La Cour reconnait que les politiques mises en œuvre n’ont pas toujours été conduites à terme. L’exemple caricatural du transport routier vient immédiatement. En la matière, non seulement certaines mesures n’ont pas été prises, mais pire encore, les gouvernements ont reculé sur d’autres. Et de citer l’écotaxe de Sarkozy (qui ne visait que les particuliers et exemptait les entreprises), l’affaire des portiques en voie de démontage et plus récemment la question de la circulation alternée dans Paris et sa proche couronne. Dans d’autres cas (par exemple le diesel ou le chauffage au bois), la nécessité de limiter nos émissions de gaz à effet de serre a amené notre système libéral à favoriser des technologies qui en contrepartie produisent des polluants atmosphériques nocifs à court terme (dioxyde d’azote ou les particules fines).
La Cour note enfin que certains secteurs : résidentiel,tertiaire et agricole, restent en revanche peu concernés par les politiques engagées « alors qu’ils représentent une part croissante dans les rejets de certaines substances polluantes. » La difficulté de mettre en œuvre la sacro-sainte politique du « pollueur-payeur » semble en être la raison. Les exemples sont nombreux de manquements à ce principe (discutable par ailleurs), l’État lui-même ne se l’appliquant pas !

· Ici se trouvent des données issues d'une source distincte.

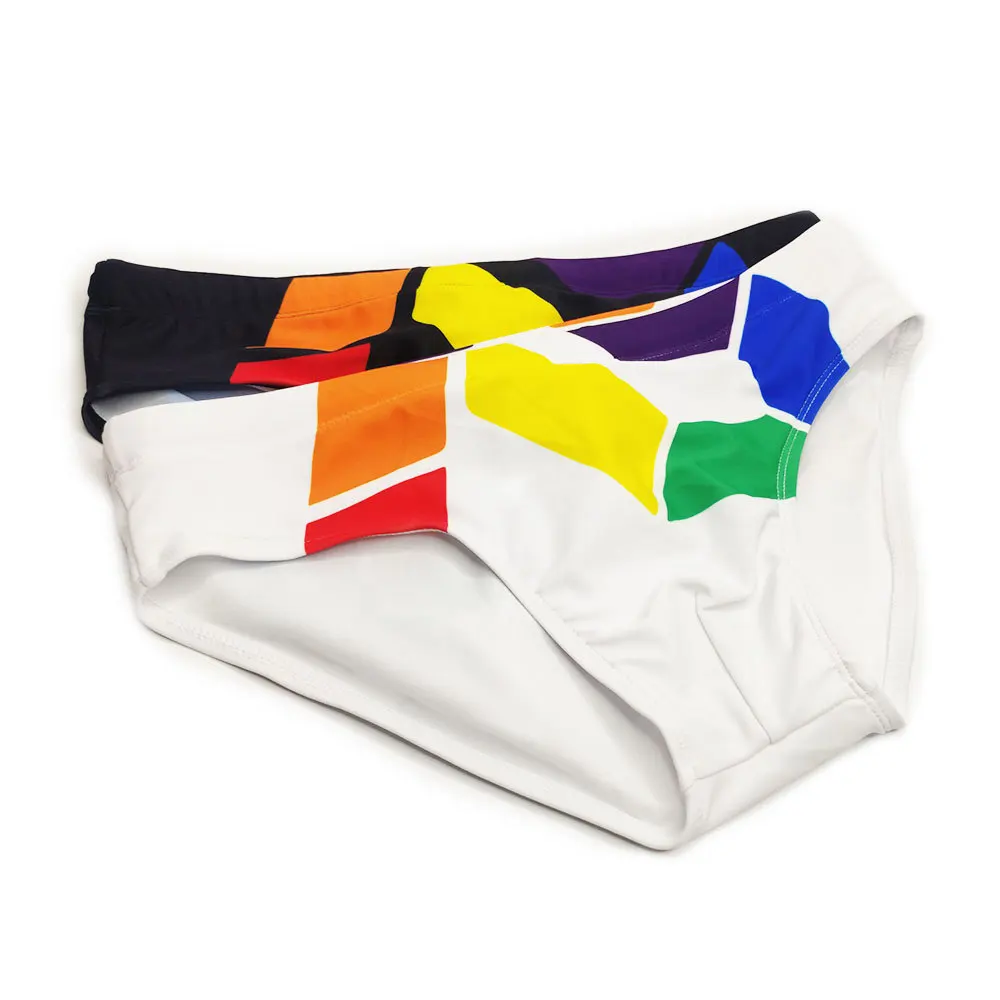 الرجال جديد شريط ملون سلسلة مثلث سراويل السباحة أزياء قريبة بركة عطلة الشاطئ الترفيه UXH069 #4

Le rapport se termine par nombre de recommandations faites aux administrations. Parmi tant d’autres, il demande que soient mises en place des mesures permettant à la France de respecter les objectifs européens, de mettre en cohérence les calendriers des actions, de les chiffrer et les financer dans des logiques « pollueur-payeur », de rendre obligatoire la surveillance de la présence dans l’air des pesticides les plus nocifs, de taxer le gazole et l’essence afin de rééquilibrer la fiscalité de ces deux carburants, de revoir les taux des taxes sur les poids lourds, d’identifier par une pastille les véhicules selon leurs émissions pour permettre de rapides mesures de restriction de circulation, etc.

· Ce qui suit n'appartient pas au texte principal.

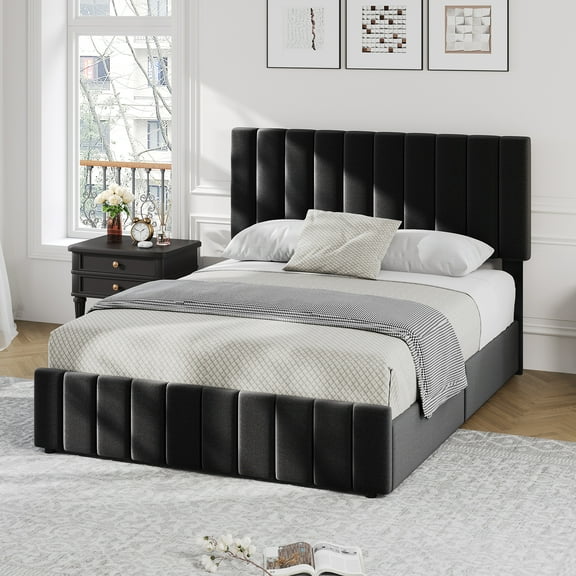 Full Bed Frame with Adjustable Upholstered Velvet Headboard and 4 Storage Drawers, No Box Spring Require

Même si elles semblent justifiées, les actions proposées ne sont pas à la hauteur des enjeux.
Rien, par exemple sur la pollution de l’air liée à l’activité aéroportuaire, alors que les mesures effectuées aux abords des plate-formes montrent régulièrement l’état catastrophique de la situation.
Rien comme dispositions incitatives positives d’aide aux particuliers pour diminuer les émissions liées à leurs logements (et parmi eux, ceux des plus humbles, alliant ainsi lutte contre la précarité énergétique et pollution de l’air).

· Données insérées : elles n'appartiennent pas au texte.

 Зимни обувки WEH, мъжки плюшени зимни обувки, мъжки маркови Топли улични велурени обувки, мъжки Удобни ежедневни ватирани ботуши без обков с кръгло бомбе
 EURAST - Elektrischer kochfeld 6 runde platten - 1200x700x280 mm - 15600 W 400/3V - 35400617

Rien comme mesures (et leur financement) pour renforcer, développer les transports publics des personnes ou des marchandises.
Etc.
La Cour des comptes n’est pas un organe spécialement attaché aux enjeux environnementaux : la faiblesse de ses propositions ne saurait étonner. Mais le constat qu’elle dresse constitue une alerte supplémentaire ; oui, la pollution affecte des millions de personnes et en tue des milliers ; oui, les gouvernements successifs ont reculé devant les lobbys patronaux ; oui, la lutte contre la pollution implique une modification profonde des modes de production, de transports et de vie. Autrement dit, un changement de société.
René Durand. Le 2 février 2016.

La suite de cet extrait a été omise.